I felt really angry that the Princess was ‘outed’ by stupid, unkind & unfounded rumours circulated by so-called ‘commentators’ & ‘influencers’ (or idiots, as I like to call them) on social media. Then certain sections of the UK tabloid press picked up those rumours & amplified them. Speculation grew as a direct result of those acts of spreading rumours.


Just like every cancer patient, it was HER choice whether she wanted to tell people. Instead, she had to share her fear with the world on a Friday teatime, during a special televised address.


I listened to her whilst she tried to convey the difficult news as best she could. I watched her looking pale & shellshocked. I watched her try to reassure the public, often in the way that most cancer patients do when they’re telling their loved ones; we all try to put aside our own emotions so we can shield those around us.


The only bit of ‘schadenfreude’ for me was seeing all of the social media & tabloid press idiots looking totally idiotic. They were completely caught out, although I did see a lot of conspiracy theorists coming out with even more s**t & speculation after the televised address. These people don’t have any moral compass.


Anyway this whole horrible situation got me thinking about my own choices about when, who, how and what to tell those closest to me about my cancer diagnosis.


Sometimes telling people is out of our control. It became out of my control when I had to take an extended period of sickness absence. I’ve very rarely taken sick leave for longer than a week over my 30+ years career. However, when I commenced treatment, I started to look physically different; my skin developed a green/grey tinge, my hair started to thin & I wasn’t able to colour it because of active treatment. My eyes became dull & I had large black circles under them. My nails became ragged. I couldn’t follow sentences & plots on the tv. I became exhausted. I got terrible brain fog so I got dates & facts confused. My mobility changed. It became obvious that something was very wrong.


I realise that I had actually forgotten quite a lot about the period just after my cancer diagnosis. It’s probably down to shock. So my recollections of that time might be incorrect. Very few people I told in person or on the phone. It was much easier to tell people in a text or another kind of messaging.


I didn’t tell that many people in person because I knew that I wouldn’t have to manage their emotions as they crumbled in front of me.
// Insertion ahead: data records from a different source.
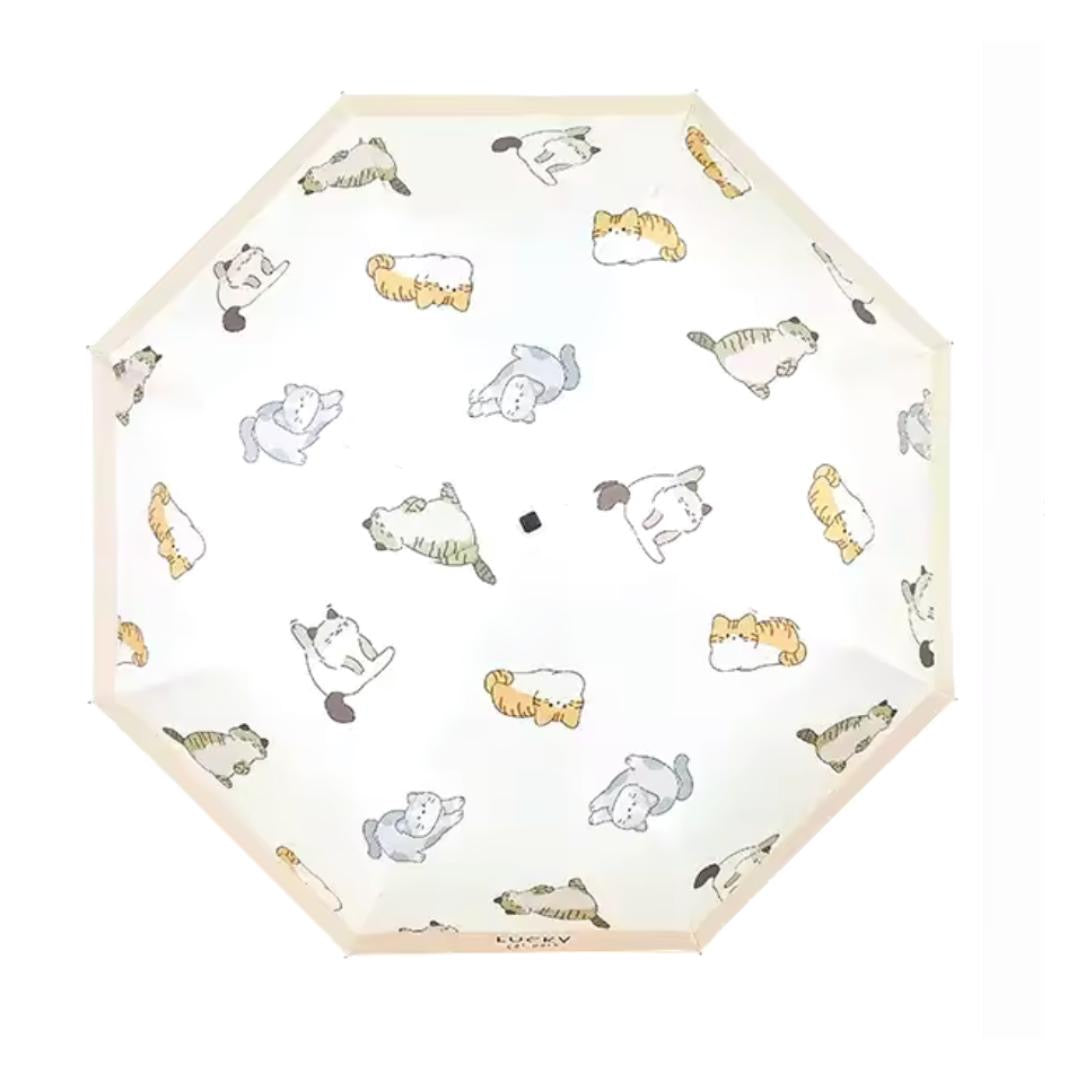 Cat umbrella ☔️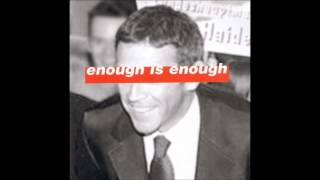 Chumbawamba - Enough Is Enough (Kick It Over)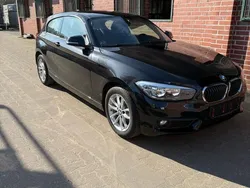 Black sapphire metallic Gebraucht 2016 BMW 116 Advantage Kleinwagen | 11.950 € (Fairer Preis)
I know that sounds cruel, but you need to understand that when my mum died, I had to tell people on the phone or in person because there were no such things as mobiles or emails. The hardest thing for me to deal with was their own grieving. I was 16 years old. I had to support my family who were grieving. My sister was 10. I couldn’t even process my own grieving.


I made all the phone calls really quickly & so I’m told, I used a very matter of fact tone. I got criticised for that by a couple of friends. It took another couple of mutual friends to explain the obvious – that I was in total shock & not really equipped to deal with what had happened. Even though I knew deep down that my mum was really, really ill & that she was going to die, no one ever sat me or my sister down to prepare us for it. That’s not a criticism, that’s just how things were years ago. And it’s also a reflection of how my family members couldn’t process their own terrible & painful grief.


When my sister got diagnosed with cancer, I asked her if she wanted me to tell people & how she wanted me to tell people. She wanted me to be open & to keep it factual, so I set up little messaging groups etc which gave me (& her) some control. Some of the extended family were elected to update people as & when. That’s actually a good method because as a cancer patient, you get so tired during treatment.


Because this method of messaging had worked quite well, I adopted it when I was diagnosed. Both my sister & I were open with our families & we prepared our loved ones the best we could. We’d had that experience of being ‘left in the dark’ & it’s not a place that we wanted others to be in.


I told close family, my best, closest friends & my work colleagues. Then I elected a couple of friends to update others & they carried the responsibility selflessly. Most of them were the same friends who had supported me when my mum died all those years ago. With work colleagues, I elected a close friend to update them & brilliant – he made sure that he protected my partner & I throughout. All updates were empathetic but as factual as possible to protect mine & my partner’s dignity. I’m forever indebted to my lovely friends.
I never put anything on social media until I finished all of the active treatment. From the messages of love & respect that I received afterwards, I understand now that people were aware that “something” was going on. There’s no doubt that friends told ‘friends of friends’ & colleagues; that’s natural to me. Afterwards I told people that I didn’t mind that this had happened because it made managing my emotions easier. But what I don’t like to think about, & I don’t think this happened anyway, is if people were gossiping &/or speculating behind my back. I come from a small town where everyone knows everyone so I’m hyper-sensitive to gossip. Speculation & gossip are so degrading & detrimental to your wellbeing. It’s so unnecessary & it can do so much harm.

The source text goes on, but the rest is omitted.